その場でヒロキはファイルの中をぱらぱらと見て…
「ああ、追加分ですか… これなら今日中に出来ますよ? 朝日君が頑張ってくれたので」
先輩ヒロキはニコリと笑い、隣りのフユメに笑い掛けた。
「へぇー もう慣れたの? 意外と優秀だね君」
ファイルを差し出した ※出向社員平沢は、アルファらしい傲慢な態度でフユメをながめた。
「・・・・・っ」
<意外と? あ… この人、オメガにしては… って顔してる! 自分がアルファだから、僕をバカにしているんだ?!>
威圧的なフェロモンを放つ平沢は、間違いなくアルファだと気づき…
平沢にオメガだからとバカにされても、フユメは反発するよりも先に、萎縮してしまった。
フユメが平沢の存在に怯み、ビクついていると…
当の平沢は猫がネズミをいたぶるように、わざとフユメの肩に手を置き、あれこれと話しかけて来る。

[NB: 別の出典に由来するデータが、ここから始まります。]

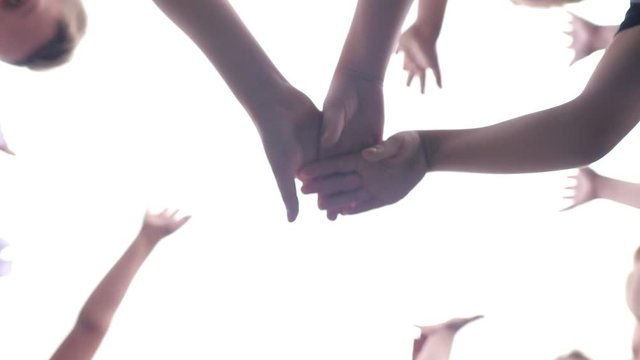 Kids team building. A group of happy children holding hands together. Team outdoor in park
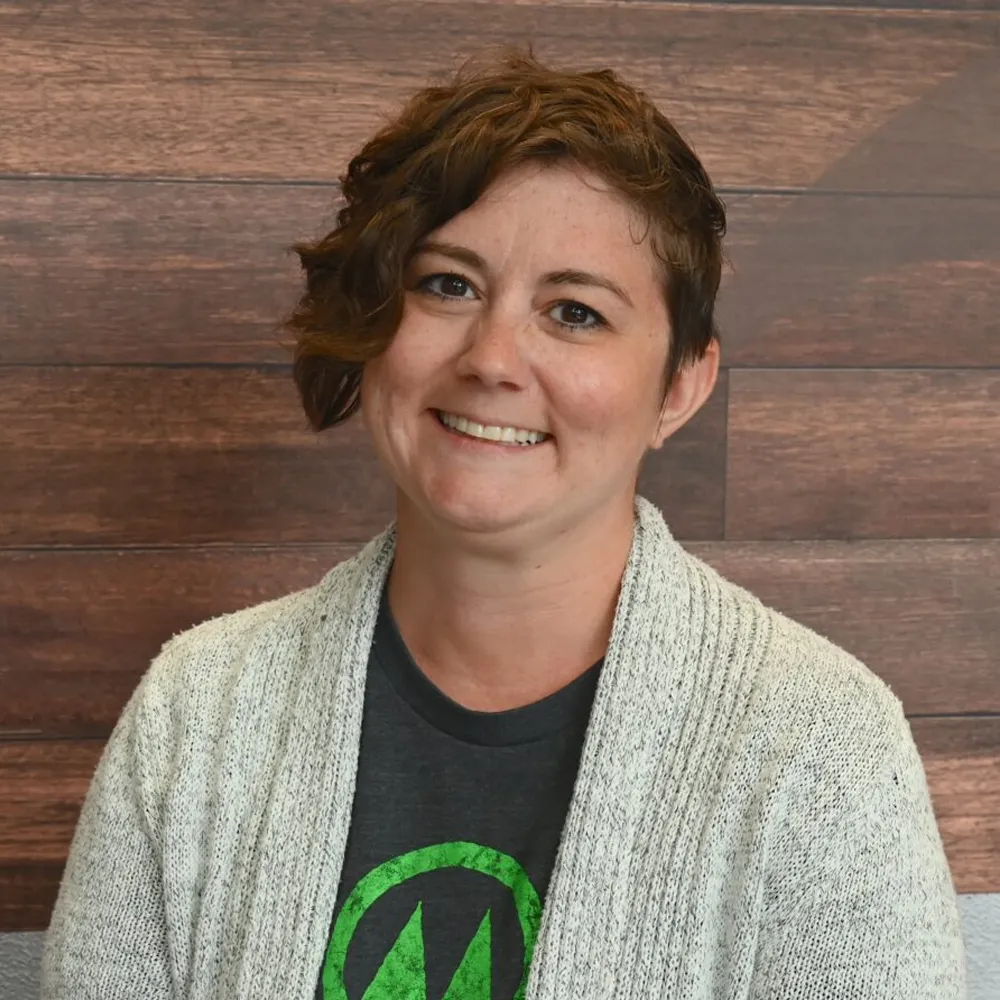 Smiling person with short brown hair, wearing a gray sweater and dark t-shirt, in front of wood wall.
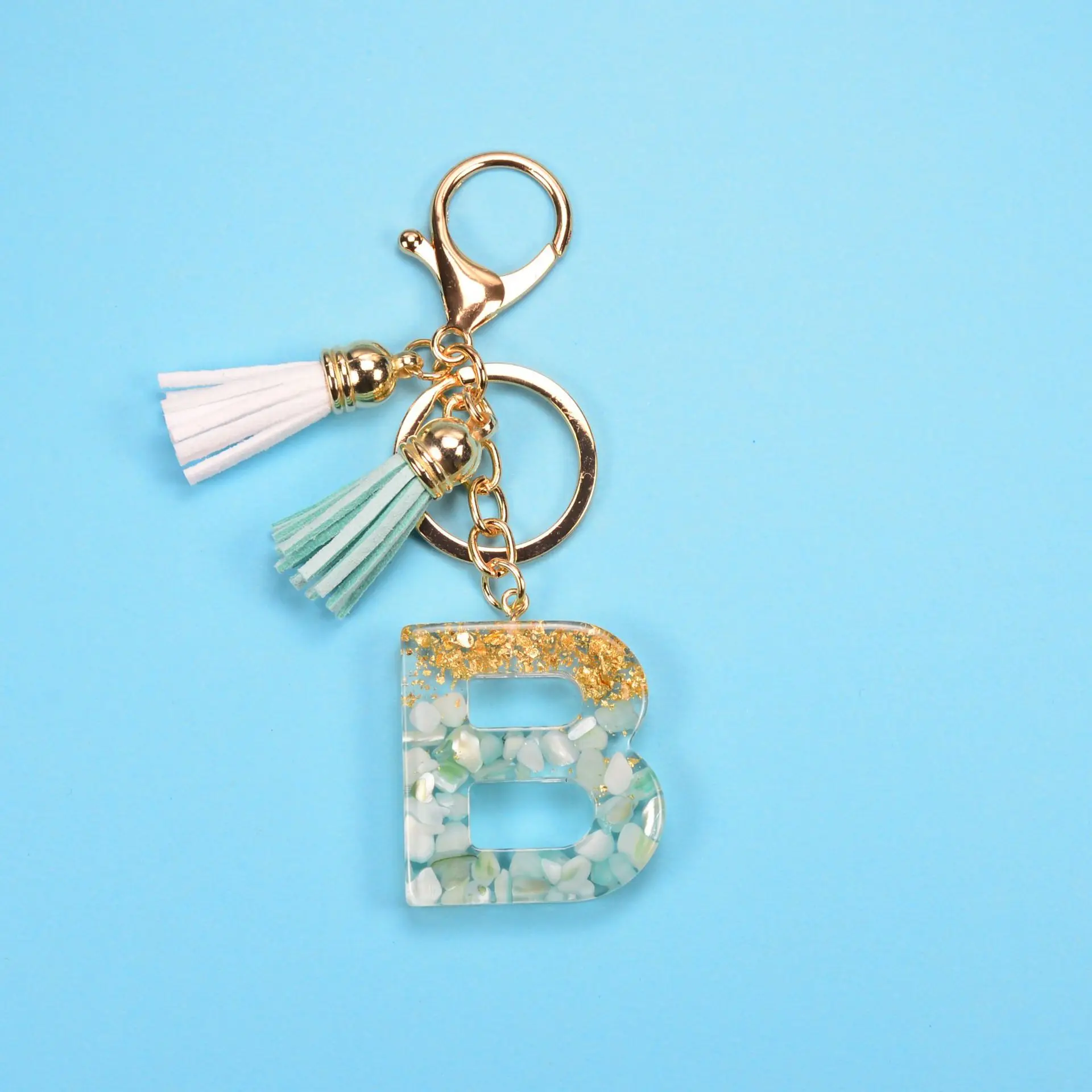New Exquisite 26 Letters Keychain Tassel Bag Pendant Stone Gold Foil Resin Key Ring Men Women Keychains Charms Bag Ornament
New Exquisite 26 Letters Keychain Tassel Bag Pendant Stone Gold Foil Resin Key Ring Men Women Keychains Charms Bag Ornament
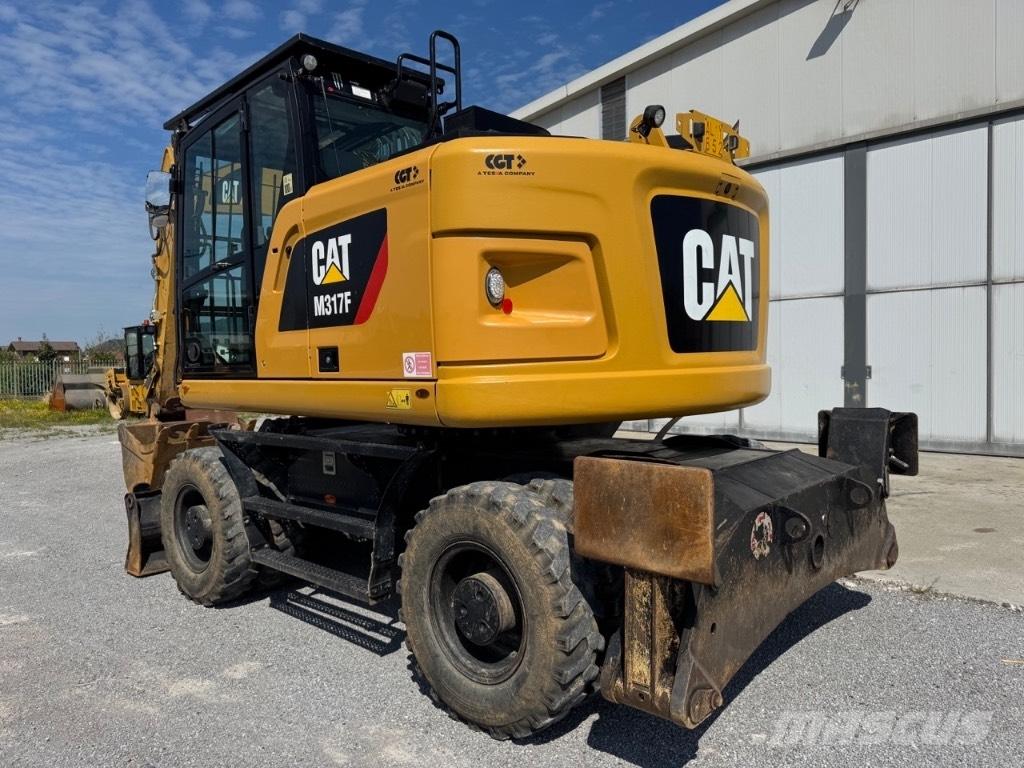 CAT M317F حفارات بعجل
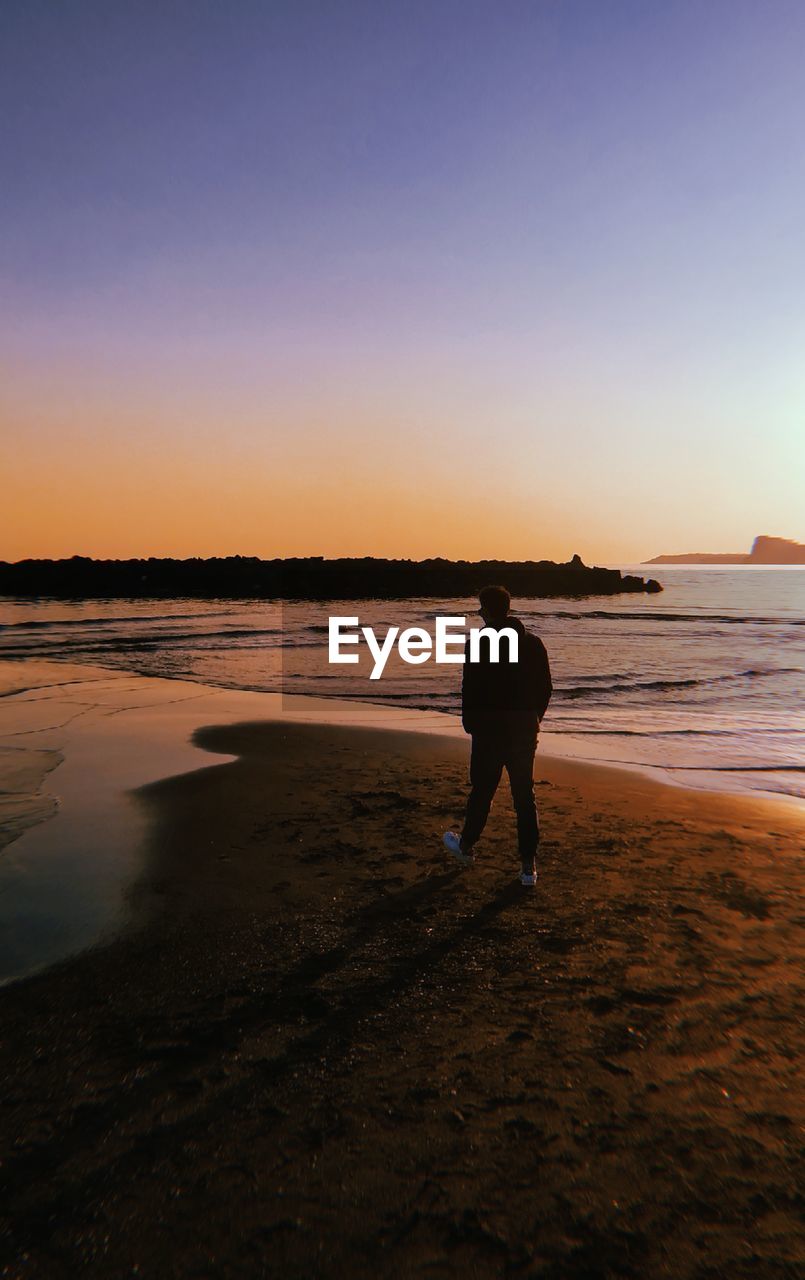 Rear view of silhouette man standing on beach during sunset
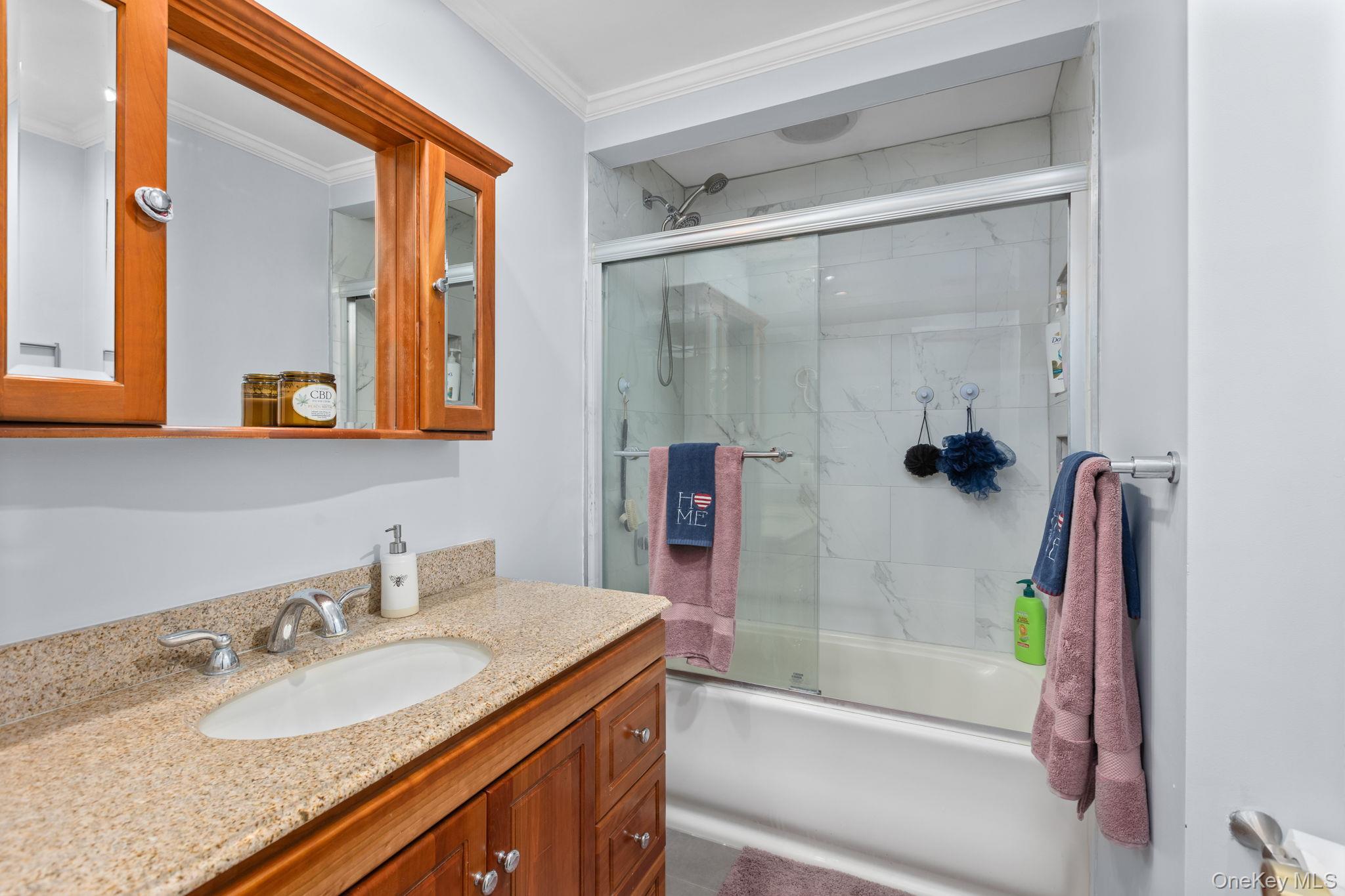 97 Old Road Brewster, NY 10509 - Photo 15 of 23 Bathroom with bath / shower combo with glass door, vanity, and ornamental molding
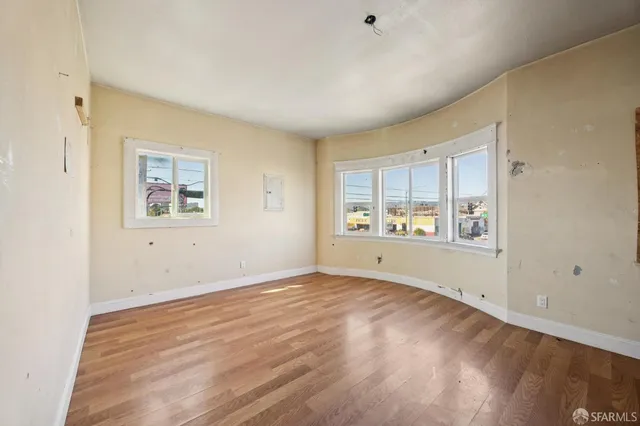 wooden floor in an empty room with a window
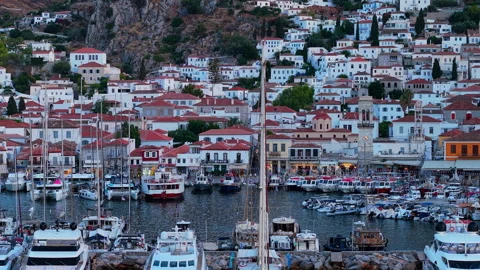 Aerial Drone Zoom View of Hydra Town Waterfront and Crowded Harbor at Dusk Stock Footage 344064585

「すごく若く見えるけど、君って年齢はいくつなの? 大学はどこ? 社長とはどういう関係? 恋人はいるのか? まさか社長の恋人とか?」
「あ… あの…」
言葉に詰まり、フユメの顔は少しずつ青ざめる。
「平沢さん、職場でナンパをするのは、どうかと思いますけどね?」
見るに見かねて、ヒロキが割って入った。
「おい、お前! 見たことの無い顔だな、誰だ?!」
険悪な呼びかけと共に、平沢よりも更に強力な威圧感のある、2人目の極強アルファの気配がして…
ふらっ… とよろけ平沢に身体を支えられたフユメ。
じろじろと極強アルファに睨まれ、若く未熟なフユメはその圧力だけで、倒れそうになった。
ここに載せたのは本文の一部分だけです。